__What the exercise asks__.
Return only the lines from the start of the records through the line that contains "Lifetime 10 x 8 ft. Outdoor Storage Shed", inclusive; leave out all pictures.

Short text fragments from websites:
◆ ◆ ◆ ◆ ◆ ◆ ◆
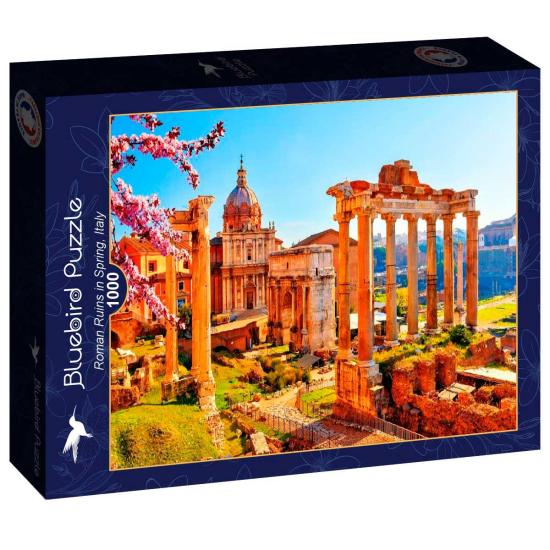 Bluebird Römische Ruinen im Frühling Puzzle mit 1000 Teilen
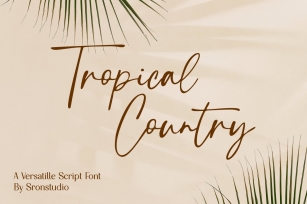 Tropical Country Font Download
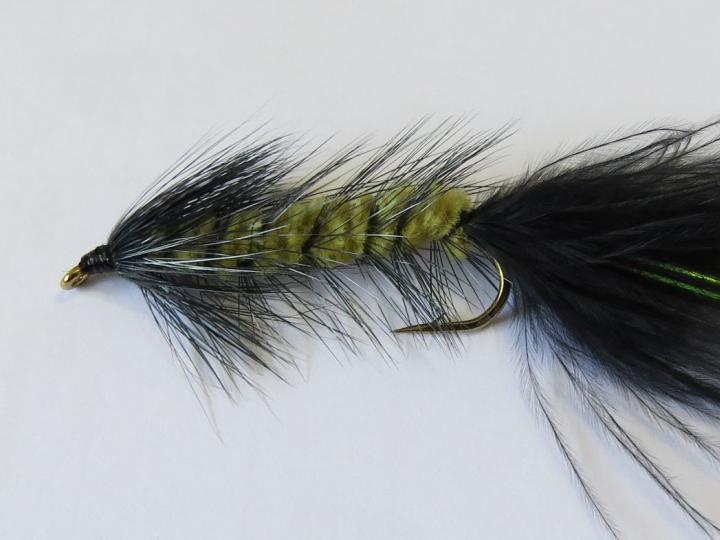 Black & Olive Woolly Bugger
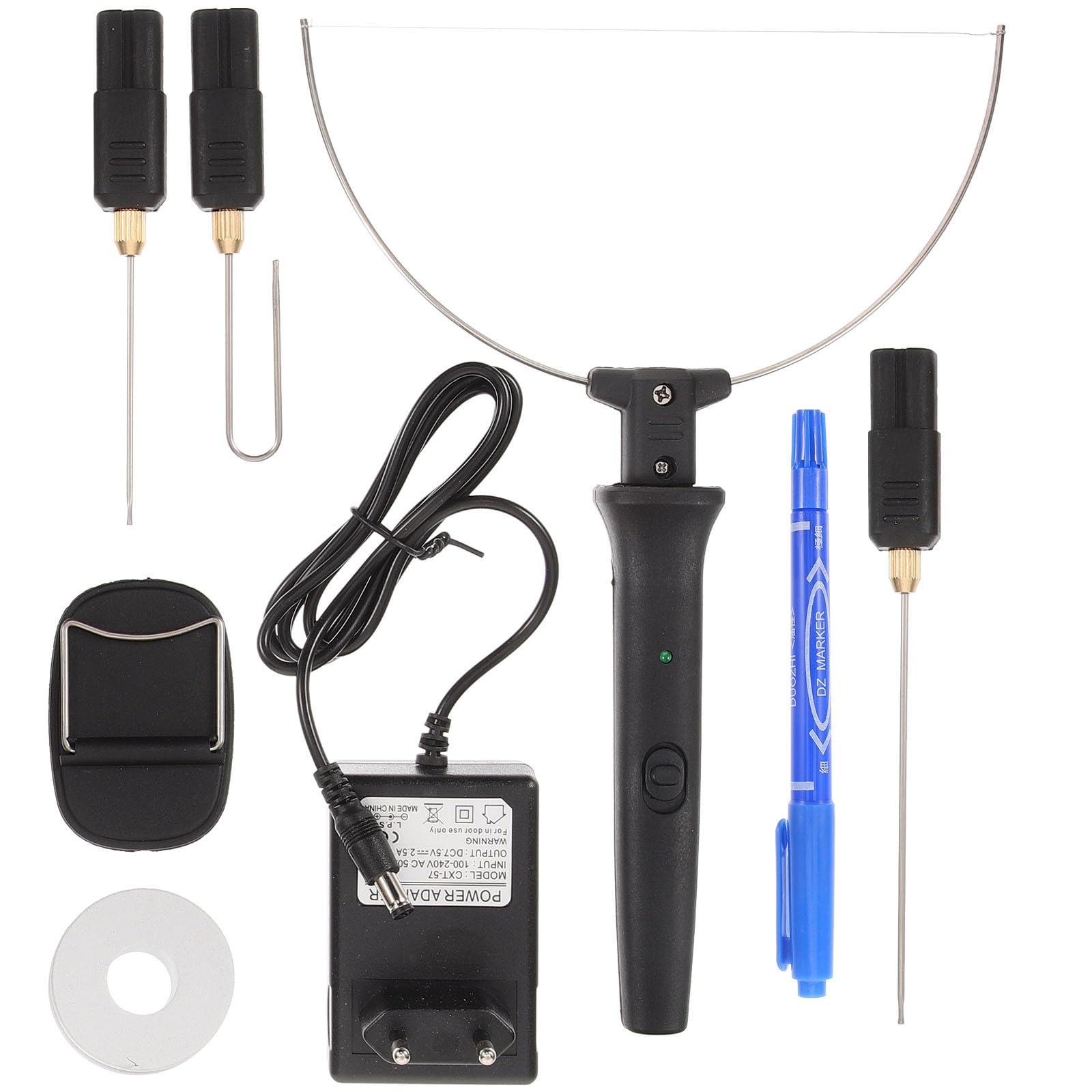 Coupe-mousse électrique fil chaud 18W en acier inoxydable avec fil 10m pour découpe précise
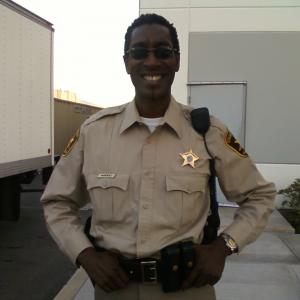 On set of TV Series Medium during filming of final episode final season Arizona Sheriff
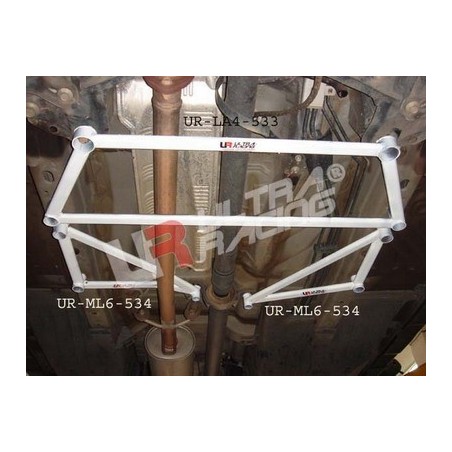 Honda CRV 07+ 2WD UltraRacing 4-Point Front Lower Brace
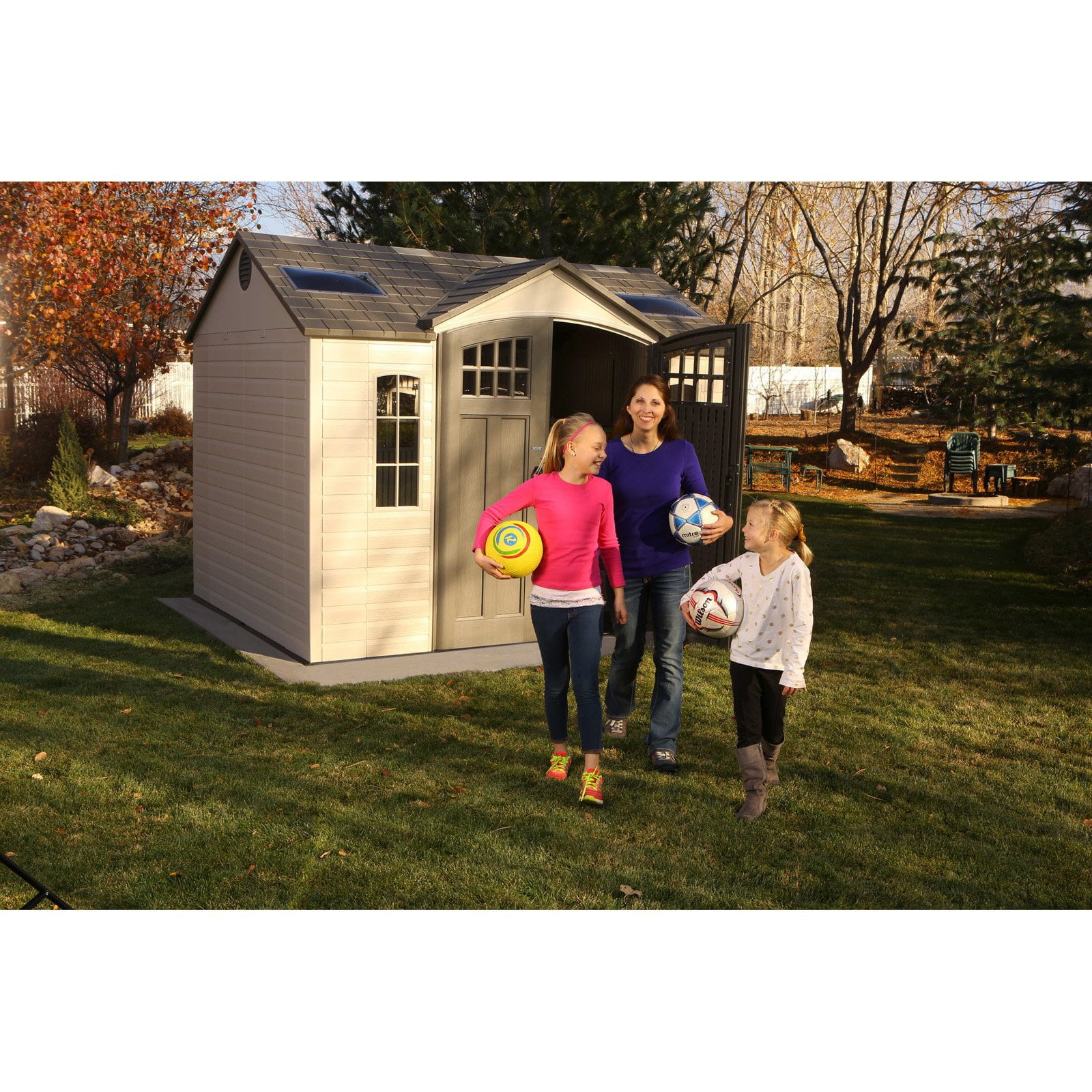 Lifetime 10 x 8 ft. Outdoor Storage Shed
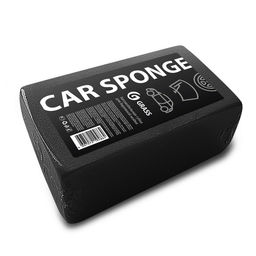 Губка автомобильная Grass прямоугольная 190×110×55 мм черная  фото 2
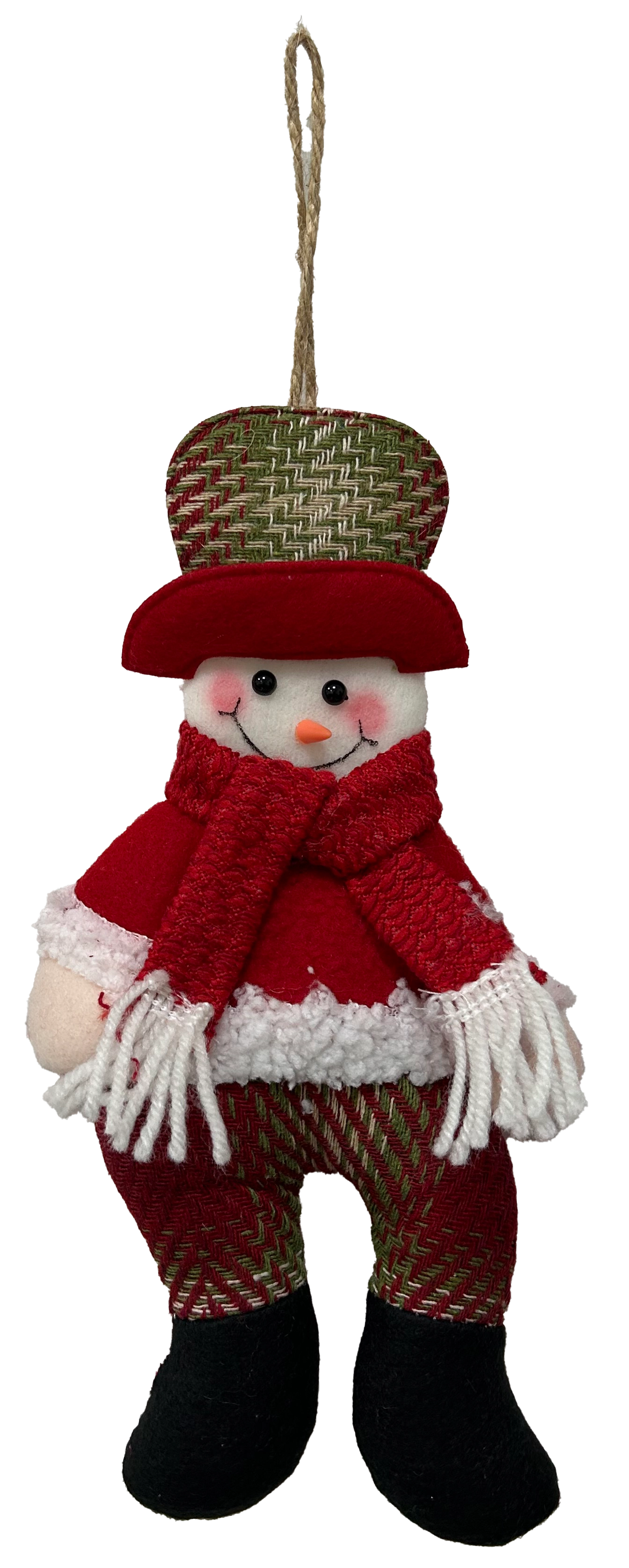 Enfeite Natal Pendurar Boneco Vermelho 13x27cm Wfh2976 Rio Master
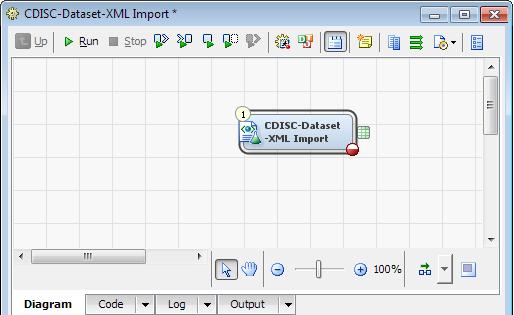 Import a Dataset-XML File 177 3 From the Folders tree, drag and drop the define.xml file onto the diagram. 4 To connect the define.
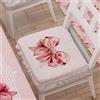 PETTI Artigiani Italiani - Cuscini per Sedia Cucina con Elastico da 2 Pezzi, Copricuscini Sedia in Microfibra con Elastico, Cuscini Coprisedia con Molla Disegno Fiocco Rosa 100% Made in Italy
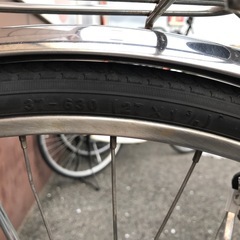 ジモティ割引有★【ジャングルジャングル岸和田店】自転車 シティサイクル ママチャリ シルバー 27インチ 南大阪 岸和田市 貝塚市 泉佐野市 和泉市 忠岡町 熊取町の画像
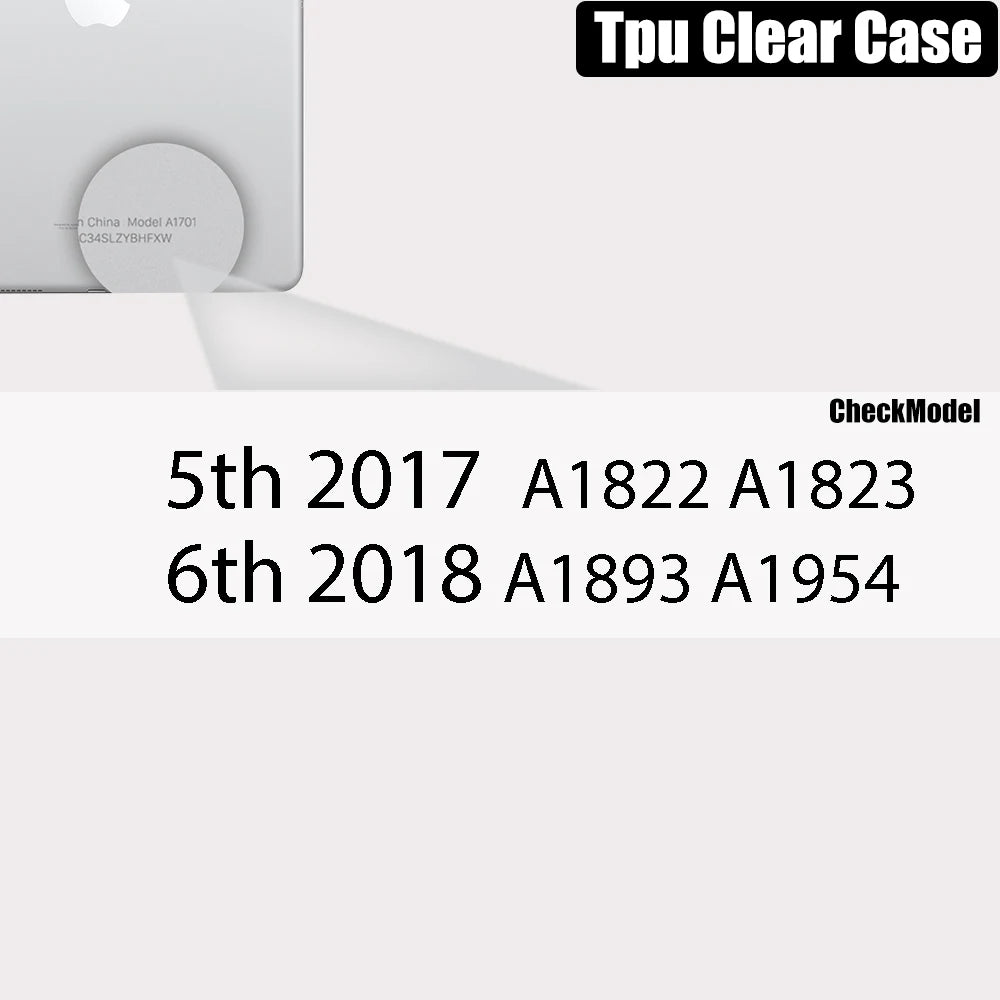 Clear Case For Ipad Pro 11 12.9 10.5 9.7 9th Generation With Pencil Holder Cover Ipad Mini 6 Air 5 4 3 2 1 10th 8 7 5 Tpu Case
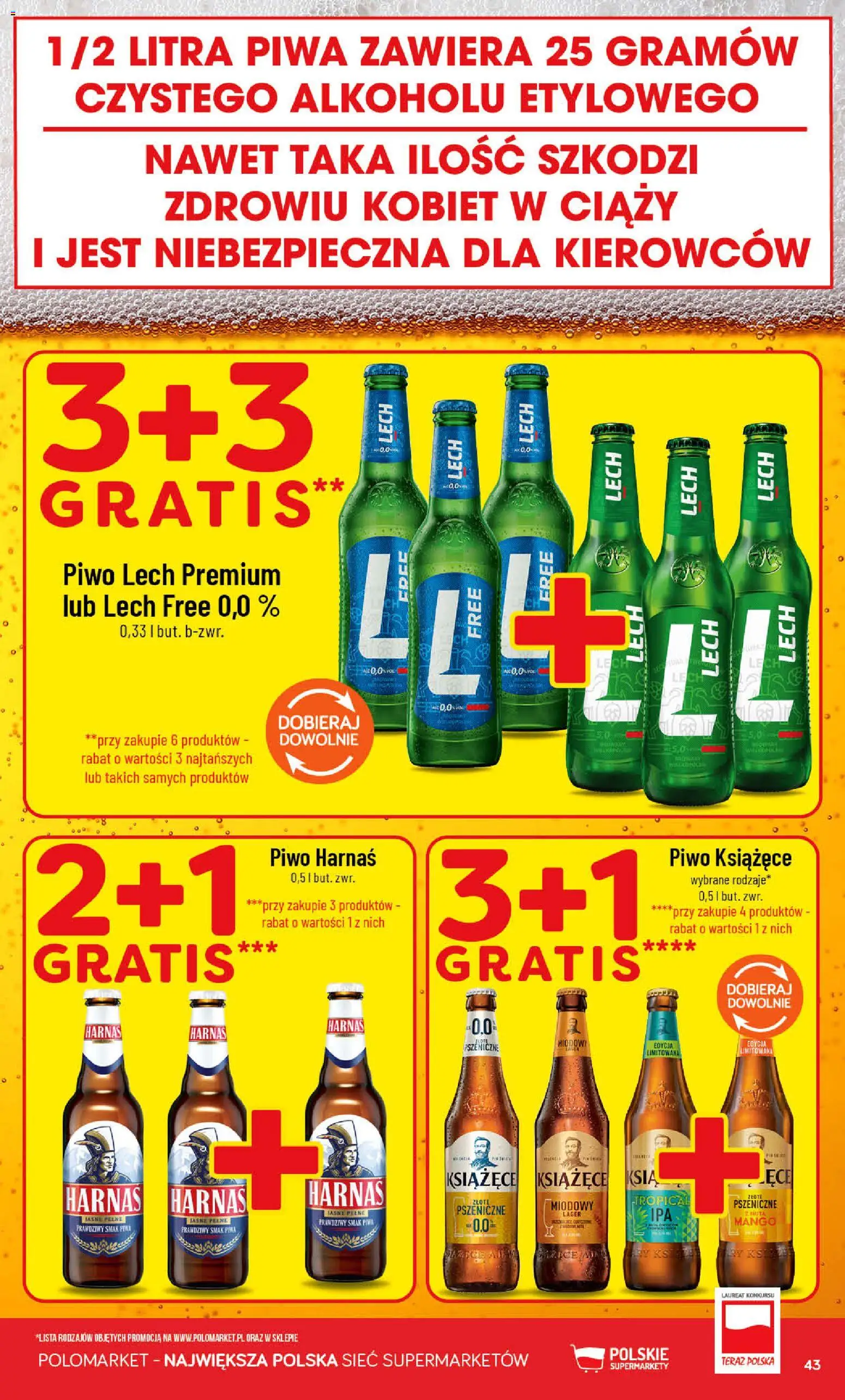POLOmarket gazetka od 01.07.2026 | Strona: 43 | Produkty: Mango, Harnaś, Piwo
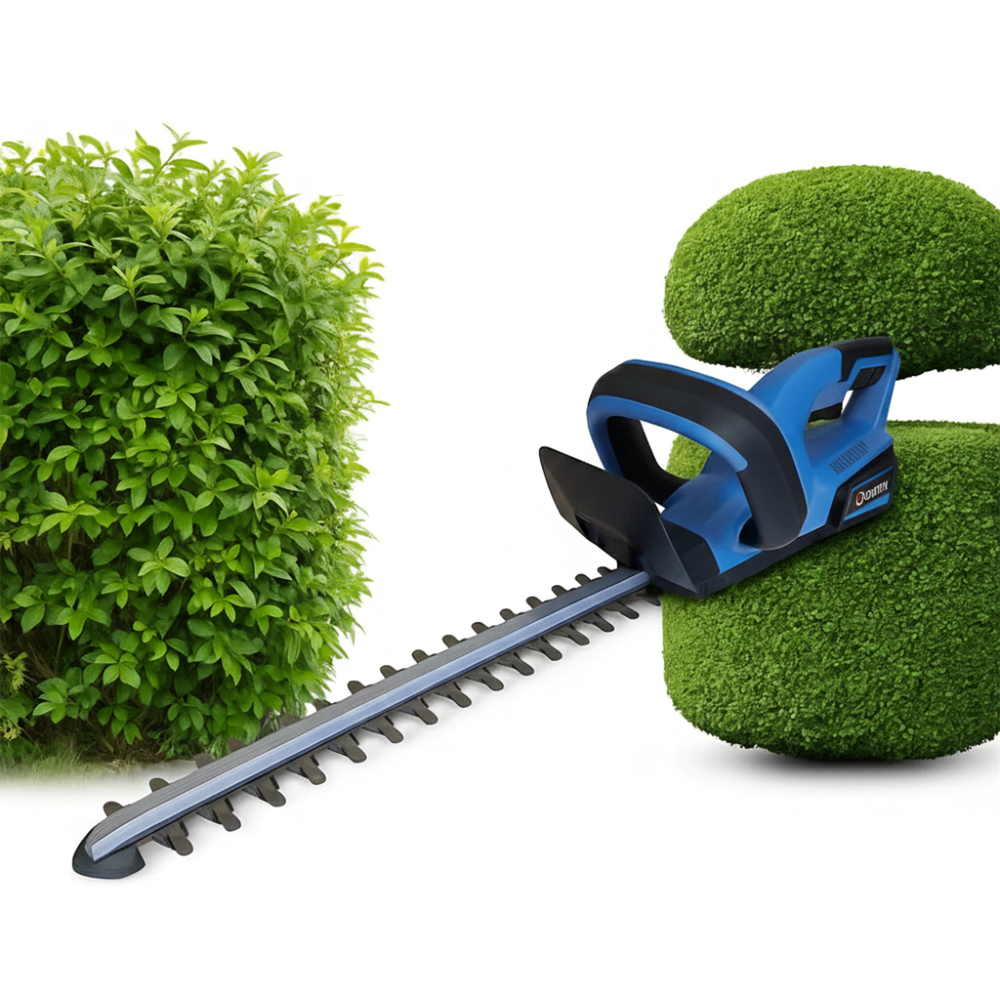 Tagliasiepi Elettrico a Batteria 21V 3.0Ah con 2 Batterie Kit Completo Potente 1300W Lama 52cm 2500RPM Taglio 14mm Leggero e Sicuro - 4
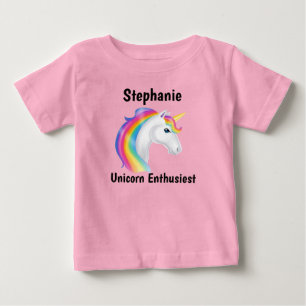 Unicorn Enthusiest Baby T-Shirt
◆ ◆ ◆ ◆ ◆ ◆ ◆
__Solution for this task__.
 Bluebird Römische Ruinen im Frühling Puzzle mit 1000 Teilen
 Tropical Country Font Download
 Black & Olive Woolly Bugger
 Coupe-mousse électrique fil chaud 18W en acier inoxydable avec fil 10m pour découpe précise
 On set of TV Series Medium during filming of final episode final season Arizona Sheriff
 Honda CRV 07+ 2WD UltraRacing 4-Point Front Lower Brace
 Lifetime 10 x 8 ft. Outdoor Storage Shed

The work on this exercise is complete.